Print the listing exactly as it stands. Skip every picture.

★ ★ ★ ★ ★ ★ ★

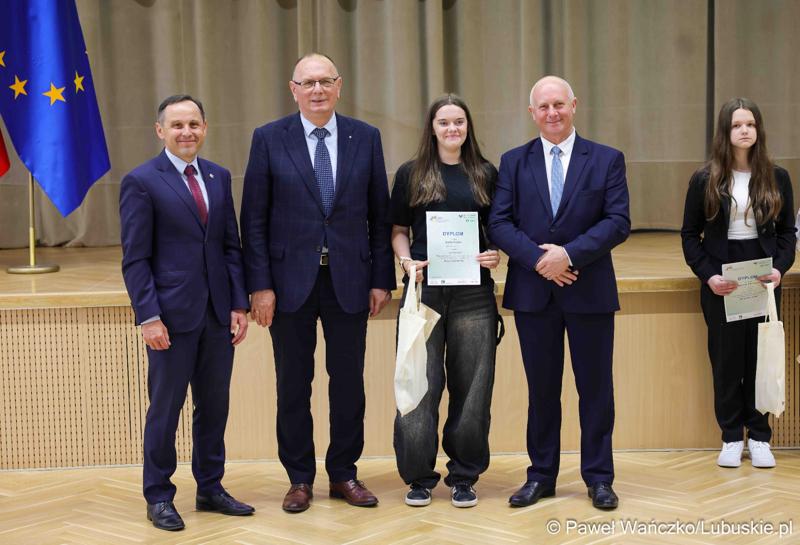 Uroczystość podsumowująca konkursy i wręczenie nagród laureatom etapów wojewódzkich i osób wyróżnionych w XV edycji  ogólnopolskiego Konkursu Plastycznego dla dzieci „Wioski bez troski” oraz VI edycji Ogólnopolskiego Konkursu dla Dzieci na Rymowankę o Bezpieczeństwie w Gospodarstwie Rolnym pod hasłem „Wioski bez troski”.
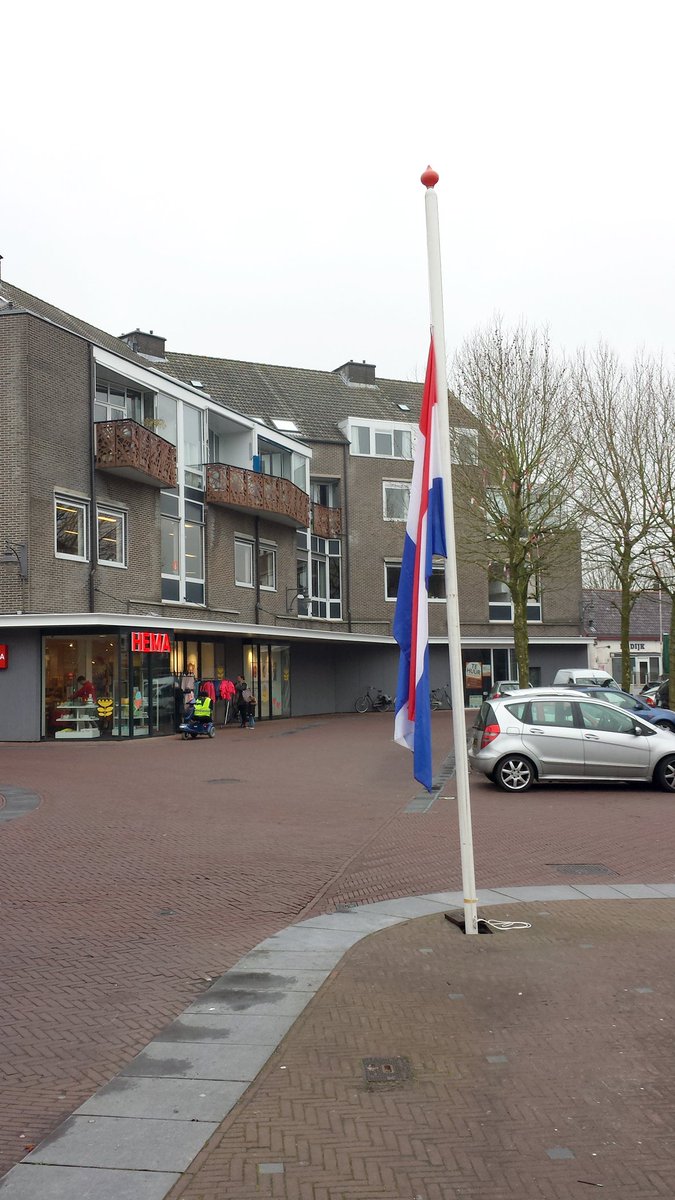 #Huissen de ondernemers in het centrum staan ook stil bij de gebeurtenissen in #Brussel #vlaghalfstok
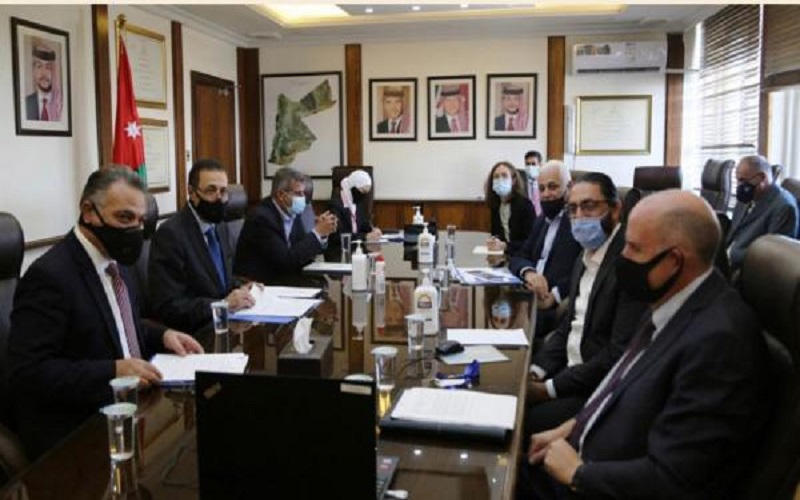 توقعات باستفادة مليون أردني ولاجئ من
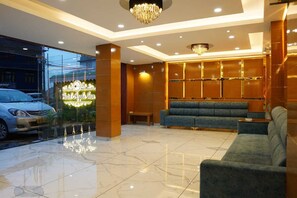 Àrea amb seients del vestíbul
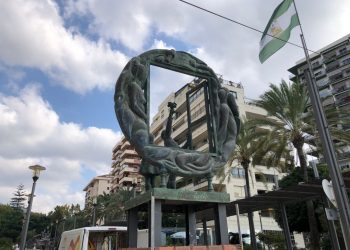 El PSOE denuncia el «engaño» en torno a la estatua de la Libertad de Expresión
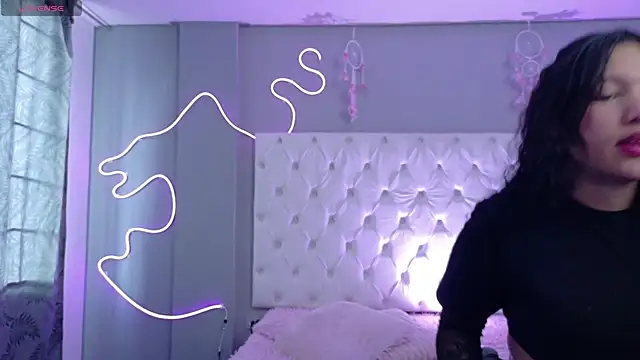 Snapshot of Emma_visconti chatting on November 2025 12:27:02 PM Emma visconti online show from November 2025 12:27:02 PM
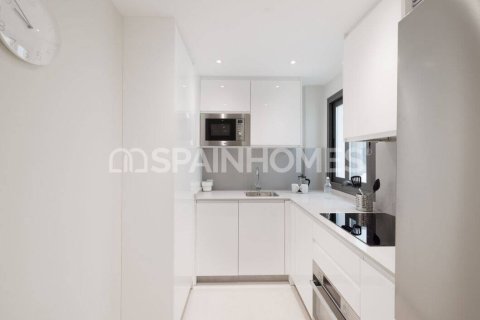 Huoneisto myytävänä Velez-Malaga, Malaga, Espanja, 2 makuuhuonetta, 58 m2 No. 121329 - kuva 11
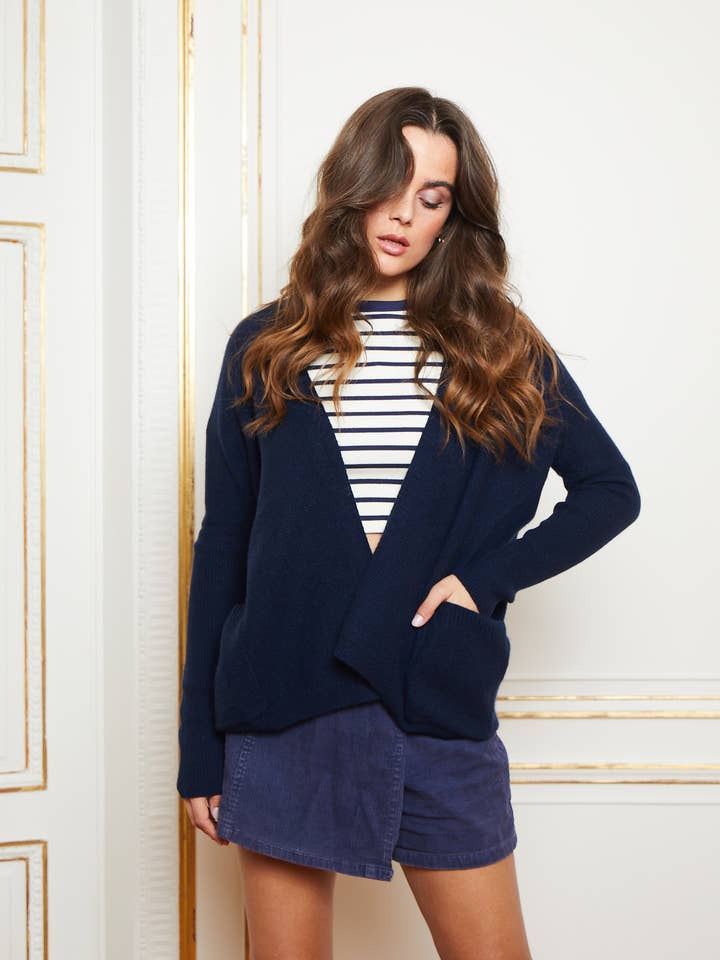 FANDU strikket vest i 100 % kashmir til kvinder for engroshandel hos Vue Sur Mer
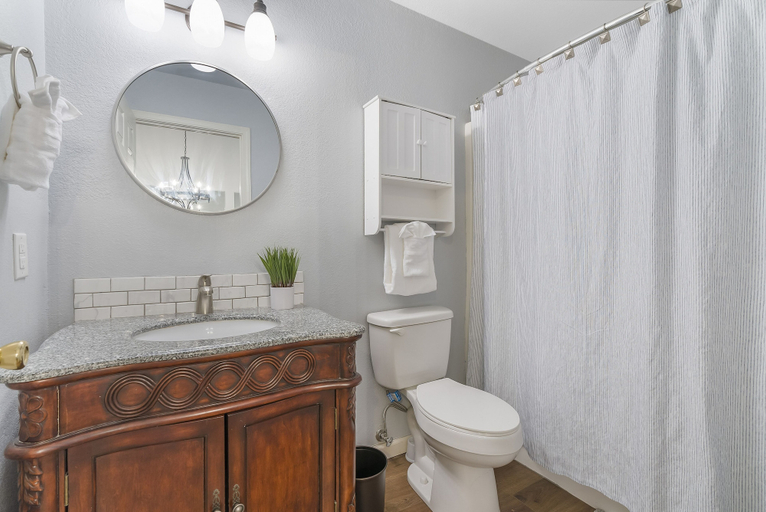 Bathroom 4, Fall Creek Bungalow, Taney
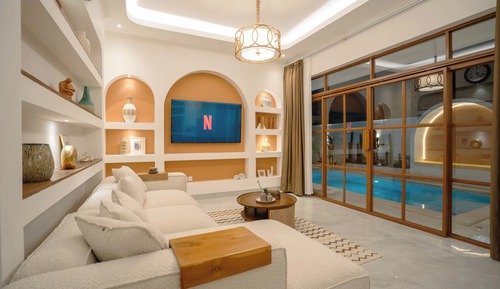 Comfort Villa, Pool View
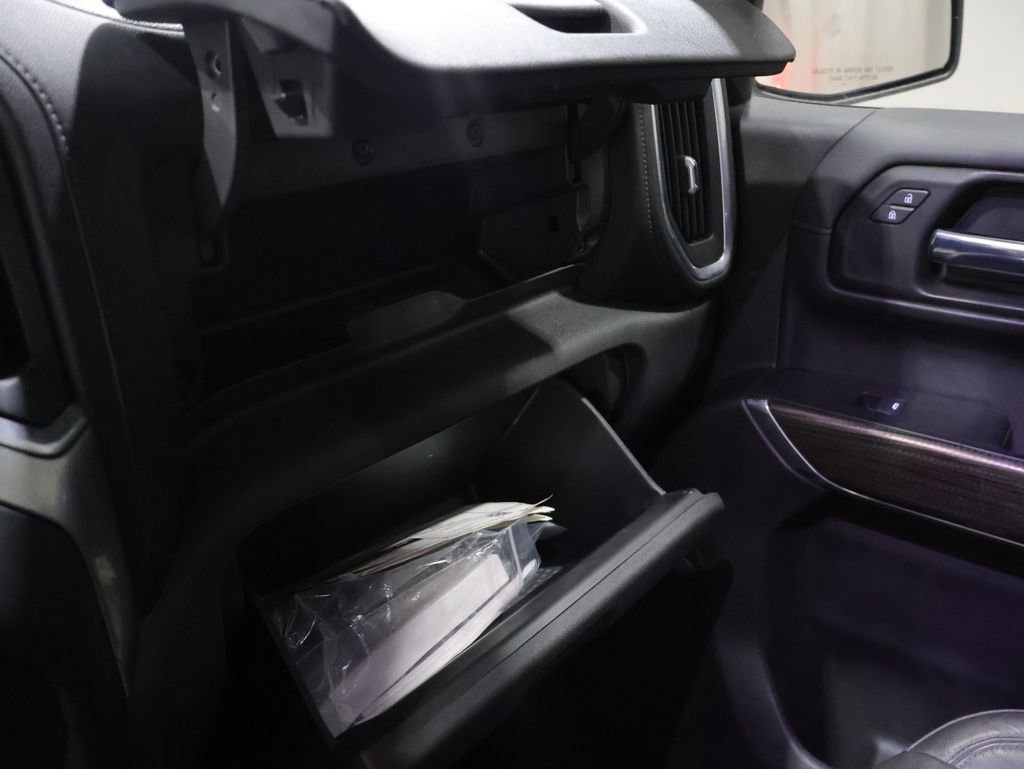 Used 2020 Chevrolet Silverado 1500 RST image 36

★ ★ ★ ★ ★ ★ ★

RESPONSE TO THIS EXERCISE:
 Uroczystość podsumowująca konkursy i wręczenie nagród laureatom etapów wojewódzkich i osób wyróżnionych w XV edycji  ogólnopolskiego Konkursu Plastycznego dla dzieci „Wioski bez troski” oraz VI edycji Ogólnopolskiego Konkursu dla Dzieci na Rymowankę o Bezpieczeństwie w Gospodarstwie Rolnym pod hasłem „Wioski bez troski”.
 #Huissen de ondernemers in het centrum staan ook stil bij de gebeurtenissen in #Brussel #vlaghalfstok
 توقعات باستفادة مليون أردني ولاجئ من
 Àrea amb seients del vestíbul
 El PSOE denuncia el «engaño» en torno a la estatua de la Libertad de Expresión
 Snapshot of Emma_visconti chatting on November 2025 12:27:02 PM Emma visconti online show from November 2025 12:27:02 PM
 Huoneisto myytävänä Velez-Malaga, Malaga, Espanja, 2 makuuhuonetta, 58 m2 No. 121329 - kuva 11
 FANDU strikket vest i 100 % kashmir til kvinder for engroshandel hos Vue Sur Mer
 Bathroom 4, Fall Creek Bungalow, Taney
 Comfort Villa, Pool View
 Used 2020 Chevrolet Silverado 1500 RST image 36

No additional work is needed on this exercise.